New weapon to combat weather

Jennifer Dostal

While the warm spring weather quickly melts the memories of this winter’s ice and snow, the Iowa Department of Transportation is gearing up for next winter with a hi-tech snowplow.

The prototype plow uses the Global Positioning System (GPS), a friction meter and thermometers to collect data about current road conditions and transmit the information to the plow operator. This information lets the operator fine tune the vehicle’s application of sand and chemicals to the immediate road conditions.

This more effective and efficient method of application should make Iowa’s highways safer for winter driving, said Lee Smithson, deputy director of the Iowa Department of Transportation.

This is “not only a snowplow, but a data gathering platform,” Smithson said.

“We envision that in the future, the advanced technological information provided by this vehicle may be used to help inform motorists of roadway conditions, and provide crucial information about hazardous driving conditions,” he said.

The transportation departments of Iowa, Michigan and Minnesota, the Center for Transportation Research and Education (CTRE) and several private companies have two long-term goals for the prototype plows, said Duane Smith, associate director of CTRE.

The first is to have the plow automatically adjust its application of sand and chemicals according to the data the plow collects from the environment.

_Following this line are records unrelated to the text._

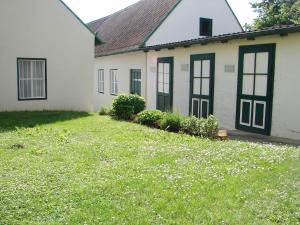 Bioweingut Hauerhof 99 -apartment 1 के बाहर एक बगीचा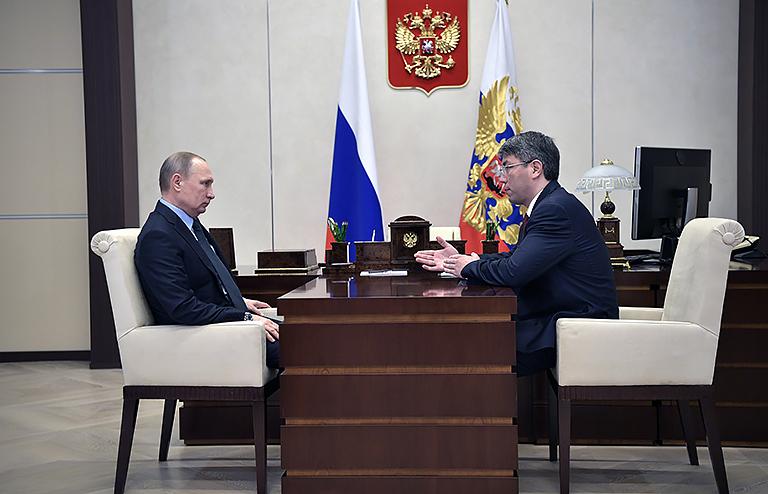На фото: президент РФ Владимир Путин во время встречи с Алексеем Цыденовым, назначенным Указом Президента временно исполняющим обязанности Главы Республики Бурятия, 2017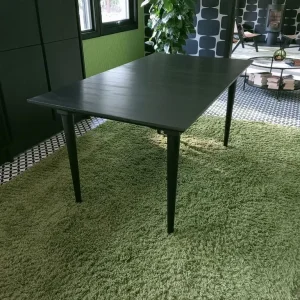 Black 4-6 seater kitchen/dining table and 4 white chairs - Image 4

The second is to make the information available to drivers so they can decide whether to postpone a trip because of adverse driving conditions, he said.

“We want to be more in touch with the vehicle’s environment, and know how much snow melting material needs to be spread on the roads,” Smith said.

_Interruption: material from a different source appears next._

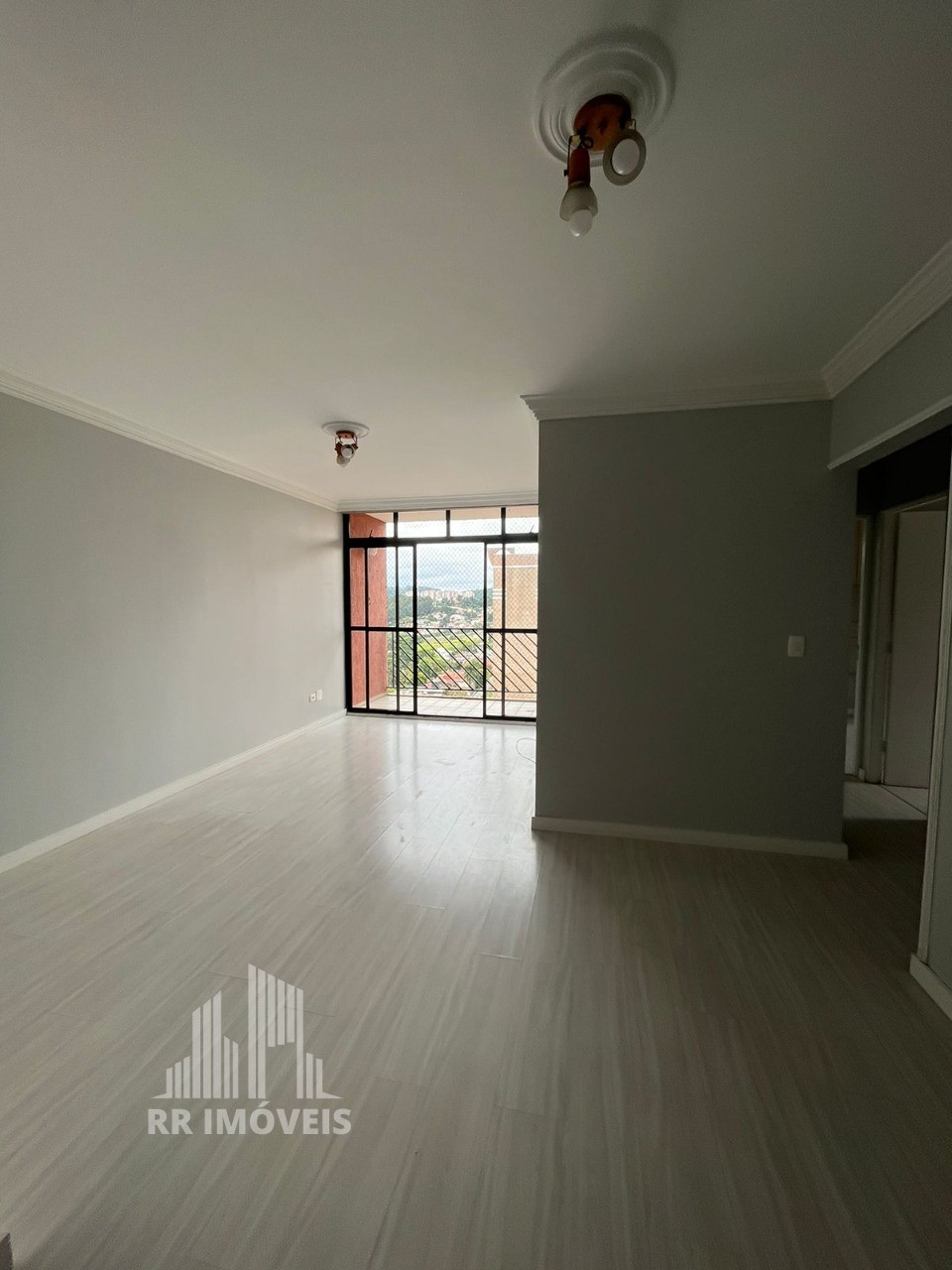 Apartamento à venda com 3 quartos, 77m² - Foto 8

Jim Vansickle, garage operation assistant at the Iowa DOT’s Ames station, said the snowplow’s additional technology takes the guess work out of plowing and increases the safety for the driving public and the snowplow operator.

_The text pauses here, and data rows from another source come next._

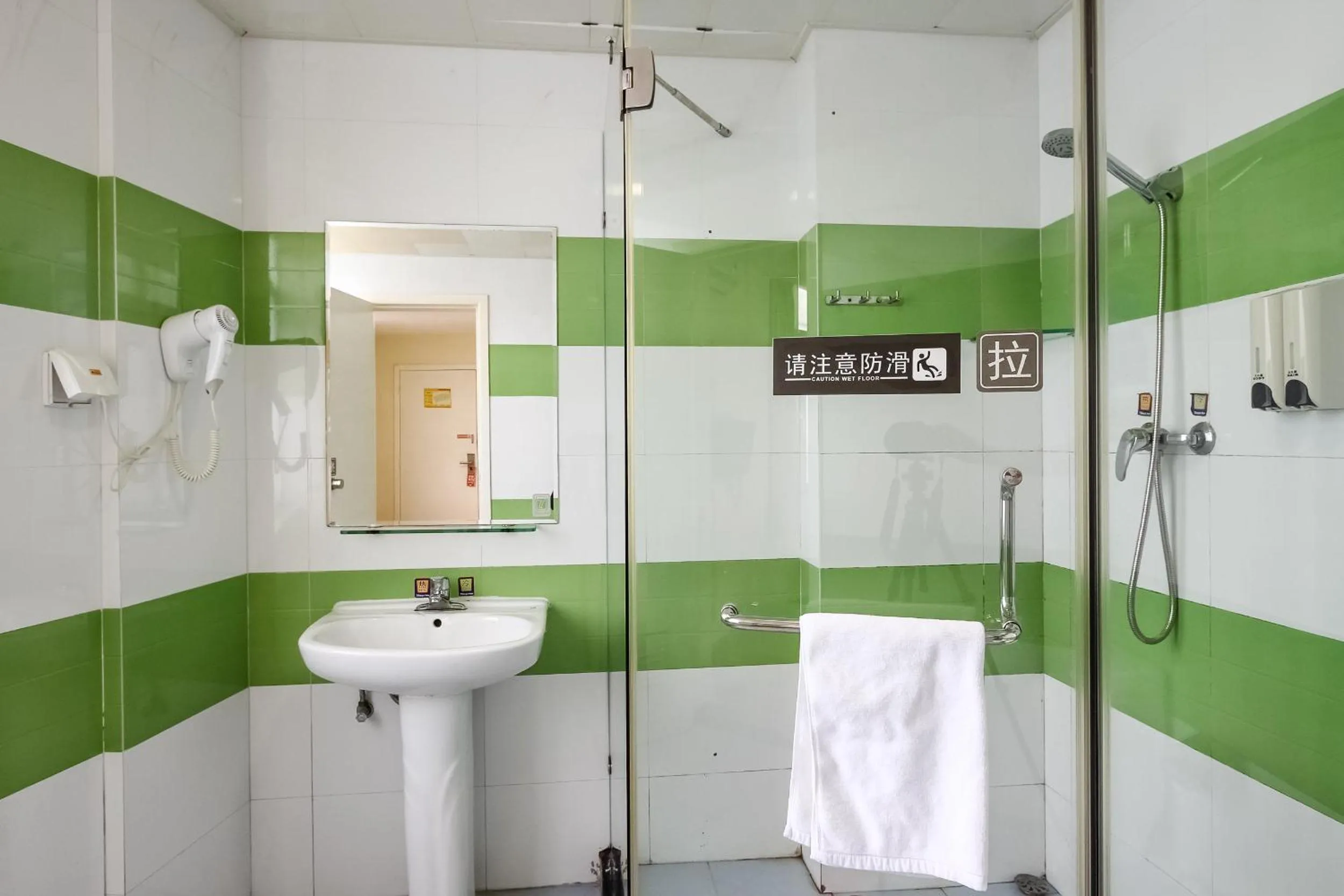 Bathroom in 7Days Inn Guangzhou Meihuayuan Metro Station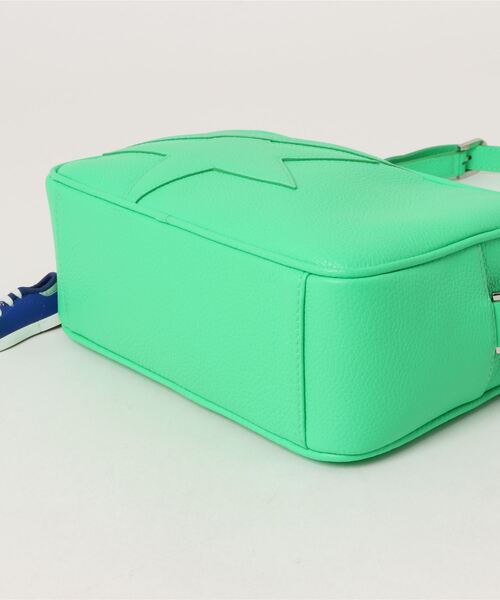 GOLDEN GOOSE（ゴールデングース）の「GOLDEN GOOSE Star Bag/ NEON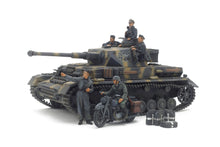 Load image into Gallery viewer, IV.G & Motorcycle EF 1:35 scales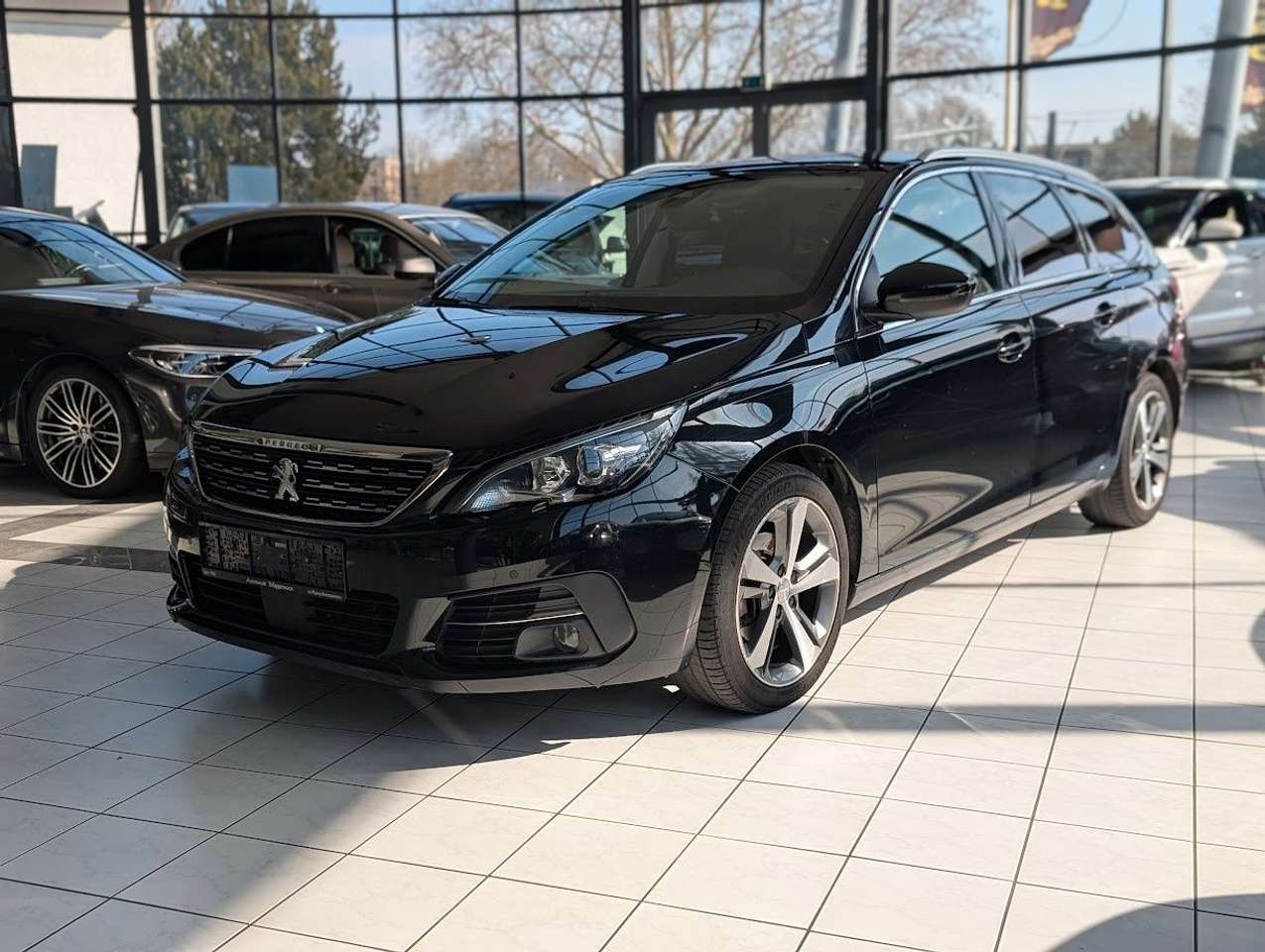 Peugeot 308  SW 1.6 Blue-HDi Allure Automatik CarPlay NAV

Operators currently “hit the brakes” to test the road conditions and decide whether to apply more sand.

On the new plow a friction meter will measure the “slipperiness” of the road, and the driver can decide how much sand to apply. The GPS system will then map the road conditions, temperatures and landmarks, such as crossroads and stranded vehicles.

When the technology is in place, the plow will be able to transmit the information back to DOT headquarters and allow for rescue vehicles to find stranded motorists quickly, said Craig Cole, business development director of transit at Rockwell International Corporation.

The prototype plow is not only hi-tech, but it’s turbo-charged too. The 25-ton plow is equipped with an alternative fuel booster so it can achieve highway speeds faster. The engine senses that more power is required and mixes ethanol with diesel to boost the plow to higher speeds, said Tim Nordham, equipment specifications specialist at the Ames DOT station.

“It’s not just a high-powered toy though. The snowplow should cut some of the DOT’s snow removal costs because of its state-of-the-art technology and some modifications made to the plow’s traditional equipment,” he said.

The tank on the truck has been significantly increased, from 100 or fewer gallons on the old snowplows to 900 gallons on the new ones, which would give officials time to spread brine on the roads before a storm hits to prevent the snow or ice from sticking.

With all the plow’s benefits to the public, it does have a cost. Nordham estimated the plow costs about $215,000. The exact price tag for the prototype isn’t known because much of the technology was donated by private companies. The only cost to the state’s DOT was the cost of the plow itself.